The note documents the inlining strategy in CH4.

The goal of inlining is to avoid the function call overhead (especially
for functions with many arguments). It is the most beneficial for the
latency sensitive code path---communication related code path. For
other codes like Init/Finalize and Comm/Win creation/destroy function
inlining is less beneficial.

The guidelines for inlining are as follow.

1. PT2PT, Collective and RMA communication functions need to be inlined.
   This also means any function that is used in this code path need to
   be inlined as well. For example, request creation, AM fallback for
   communication.

2. Any function that does not fall in the first rule should not be
   inlined.

3. For a given component, some of its functions may need to be inlined
   while others do not. For example, in ch4r_buf.h/.c the creation and
   destroy of buf pool is only used in init/finalize code, therefore no
   inlining is needed. But the functions for obtaining and returning
   individual buffers are used in the communication code path,
   therefore, inlining is required.

Uninlining procedure for CH4 layer

1. Create a src/*.c file, include `mpidimpl.h`.
2. For functions need to be uninlined, move them to *.c and create
   create declarations in the *.h file. Note that the functions
   implemented the ADI do not need this as the prototype is already
   declared in `mpidch4.h`.
3. Remove `static inline` or `MPL_STATIC_INLINE_PREFIX` of the uninlined
   functions (both declarations `mpidch4.h`  and definitions)
4. For uninlined functions that is only used in the *.c file, make them
   “private”. 1) remove their namespace prefix; 2) create declarations
   in *.c file; 3) make them `static`.
5. Remove the *.h file if they are empty. `ch4r_*.h` files are kept for
   the decls
6. Keep CVAR to the place where it is used.

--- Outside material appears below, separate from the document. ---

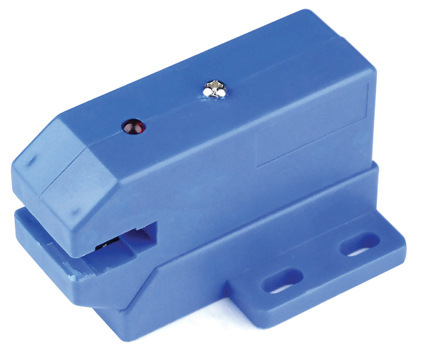 SM93蓝光传感器CEX250A/7-CEX250A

Uninlining procedure for netmod/shm layer

1. Create *.c file, include `mpidimpl.h`.
2. For functions need to be uninlined, move them to *.c. Rename from
   `MPIDI_NM_*` to `MPIDI_OFI_*`. Create decls and #define in
   `ofi_noinline.h`
3. Remove `static inline` or `MPL_STATIC_INLINE_PREFIX` of the uninlined
   functions (both declarations `netmod.h` and definitions). Move
   wrapper funcs in `netmod_impl.h` to `netmod/src/netmod_impl.c`.
4. Make internal funcs “private”.
5. Remove the *.h file if they are empty.
6. Keep CVAR to the place where it is used.

For netmod, why do we need to create the #define in `*_noinline.h`?

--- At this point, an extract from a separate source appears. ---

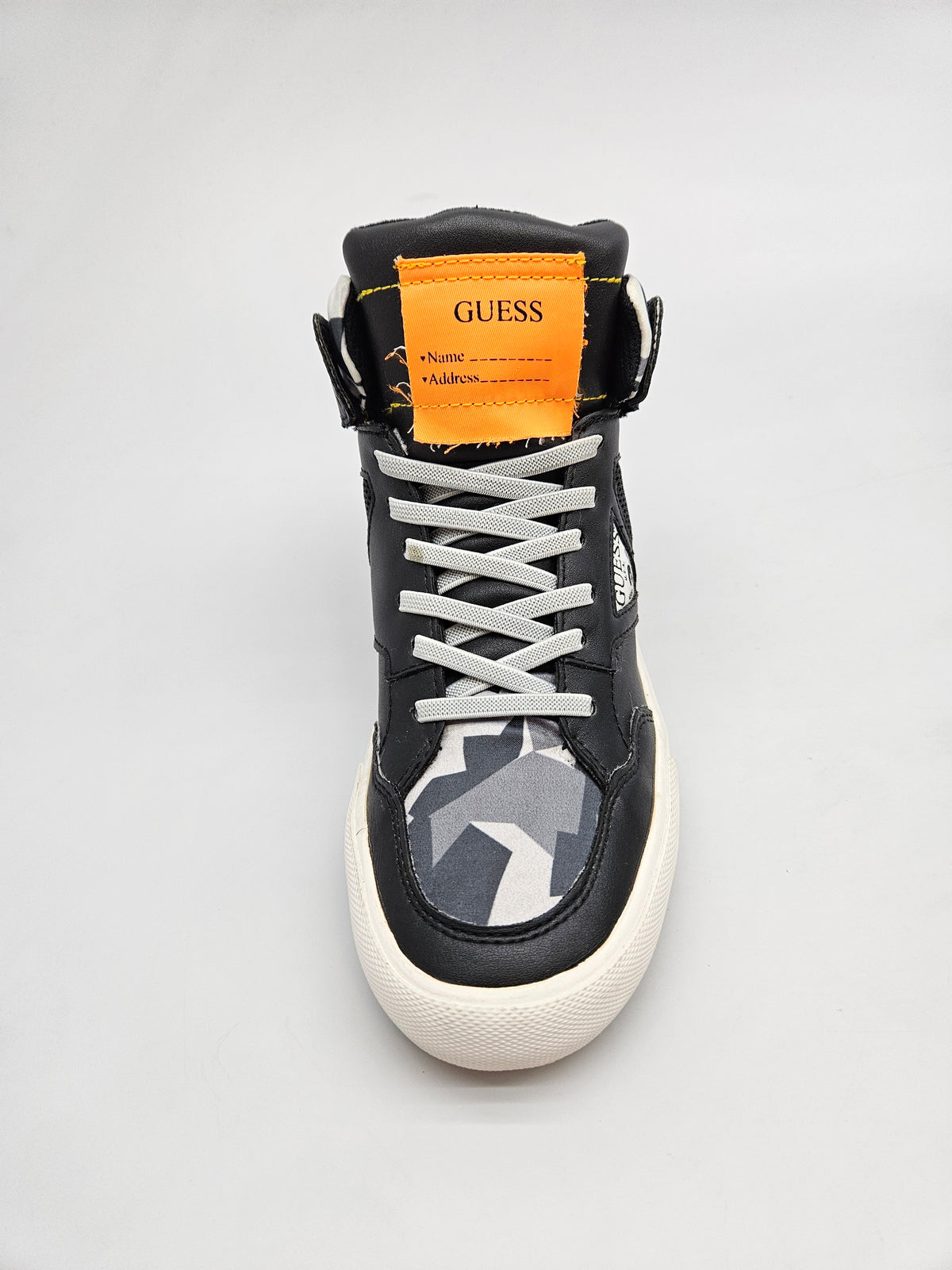 GUESS ORIGINAL PATIKI BR 36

  The problem is sort of backward from the case when NETMOD_INLINE
  disabled---both netmod_impl.c/h and the ofi_init.h/c will have their
  own MPIDI_NM_* (the one in netmod_impl.c/h is the wrapper). To solve
  this name collision, we have to change the name of the uninlined
  functions to MPIDI_OFI_*. Then we run into the problem when
  NETMOD_INLINE is enabled, the function name does not match the defined
  interface name anymore, hence the #define solution.

Why the MPIDI_NM_comm_get_gpid function is moved to ofi_proc.h?

  This function is used in MPIDIG RMA code and need to be inlined.
  Because it was the only function in ofi_init.h that should be inlined
  and it is ugly to keep ofi_init.h just for this function.

  It cannot be put in ofi_impl.h because ofi_impl.h is included in many
  .c file which in turn will create their own copy of
  MPIDI_NM_comm_get_gpid and conflict with each other. Therefore, I put
  it in ofi_proc.h.

Tips for resolving conflict when rebasing.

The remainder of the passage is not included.